# decent air regulator reccomendations for HF compressor and nailgun . also how to conn



## londeed_leung (Jan 5, 2011)

I don't understand what you say.


----------



## plzhelpbuild (Feb 11, 2011)

I basically need someone to recommend a decent air regulator. and then I need to figure out how to remove the air regulator that came with the compressor. my post looks better here because it was not reformated http://forum.doityourself.com/tools...-compressor-nailgun-also-how.html#post1823450


----------



## oh'mike (Sep 18, 2009)

Welcome to the forum----The enter key add spaces to your text---making it easier to read.

I have edited your post and added some spaces.

See if Campbell Hausfield has the regulator that you need---I've owned many of their compressors and the make a nice unit at a fair price---parts hold up well.--Mike--


----------



## oh'mike (Sep 18, 2009)

For a store that sells regulators and water separators--Look for a automotive paint supplier---

---Auto parts store-----

----industrial supplier---

---compressor repair shop----

I like a separate regulator and water trap----if one fails the other is still good---Depot used to stock replacement regulators---haven't needed one in a long time.


----------



## plzhelpbuild (Feb 11, 2011)

thank you sir. after googling those three terms i will try calling some local compressor repair shops 1st thing tomorrow!

if I don't have any luck there; I will probably look for one of the cambell hausfeld filter/regulator mentioned in the previous post at home depot but i'll call before i drive. 

I'm a bit worried about how to attach the new air regulator. 

I do need to remove what the manual calls the "output pressure guage" please take a look at the image and notice how the current air regulator which just has a guage is connected almost directly to the tank pressure guage

http://i100.photobucket.com/albums/m18/rokuez/IMG_0296.jpg to remove this current output guage to attach the new cambell hausfeld air regulator i would need to unscrew this http://i100.photobucket.com/albums/m18/rokuez/IMG_0298.jpg wow i don't know what this keeps reformatting my text


----------



## oh'mike (Sep 18, 2009)

Don't feel bad about the computer---yesterday one of my post lost all of its spaces----might be a hiccup in the program.

I've got to get to work,soon. I'll look at the pictures later---there are two(at least) compressor gurus here---you might be lucky and one will check this out for you.---Mike--


----------



## itguy08 (Jan 11, 2011)

You already have a regulator - it's attached to the compressor. It's not a fine adjustment but I've been using the built in one on my compressor for years.

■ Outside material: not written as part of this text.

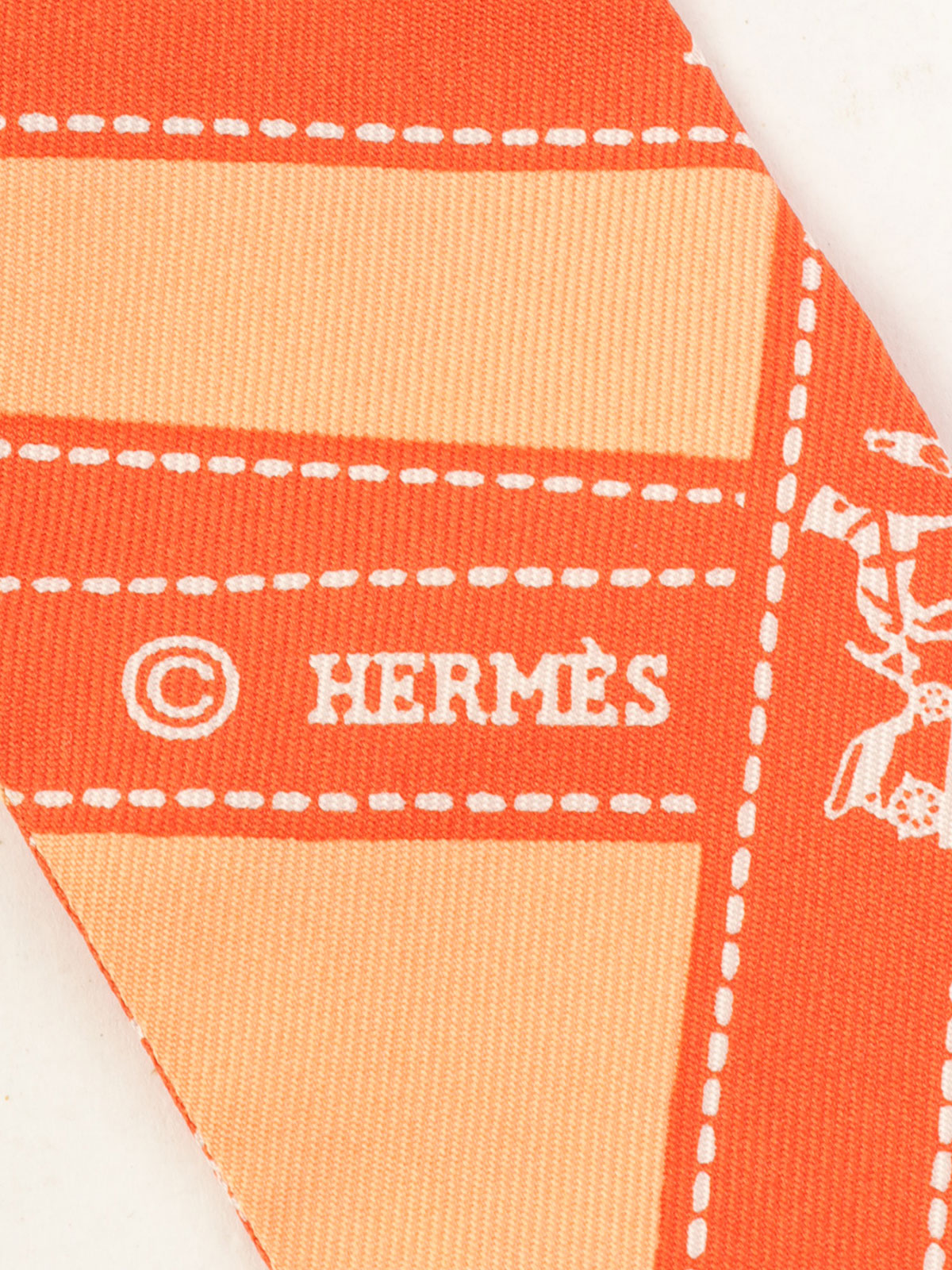 Bolduc Ribbon Pattern Twilly Orange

For the air filter, what I did was remove the quick connect fitting and get an air filter - like this: http://www.homedepot.com/h_d1/N-5yc...splay?langId=-1&storeId=10051&catalogId=10053

Has been working well for years.


----------



## DexterII (Jul 14, 2010)

I have a quick coupler on each of my compressors, quick couples and nipples on each of my hoses, and for use with my nailers, a quick coupler and nipple on a small piggy back filter/regulator. For transport, the filter/regulator goes in a tool pouch, but when ready to use, I plug the filter/regulator into the air compressor, then the hose, and finally the nailer. Mike has already listed the exact places that I would recommend in regard to purchasing what you need. I oil the appropriate nailer, each time I use them, and through the day as necessary, at the nailer, not through a lubricator. I do not use a lubricator for two reasons. First of all, how much oil actually reaches the tool after traveling through 50' or more of hose? In my mind, a lot of it ends up in the hose rather than in the nailer. Secondly, what do you do when you want to use a finish nailer, and don't want oil? Again, in my opinion, the hose already has oil in it. Do you have two sets of hoses, one that you use with a lubricator, and one that you don't? Much simpler, and IMO, efficient, to oil the nailer.


----------



## plzhelpbuild (Feb 11, 2011)

thanks again http://www.homedepot.com/h_d1/N-5yc...splay?langId=-1&storeId=10051&catalogId=10053 I'm not sure if this husky will work as the nail gun is using 1/4" tubing & the husky is using 3/8" I'm still a bit confused about how where the water filter sits and how it is supported. Will I be able to hang/hook/connect the water filter directly to the quick coupler on the end of the air regulator on my compressor http://i100.photobucket.com/albums/m18/rokuez/IMG_0296.jpg then i hook the pneumatic hose up to the water filter, and then the hose to the nail gun ?


----------



## oh'mike (Sep 18, 2009)

Exactly---make up a water filter and a regulator (if yours is not accurate enough) that can be plugged in before the hose---

We use a separate regulator like that when working in a factory that has compressed air outlets ==the pressure at the outlets is usually to high for out tools--so we plug in our own regulator.


----------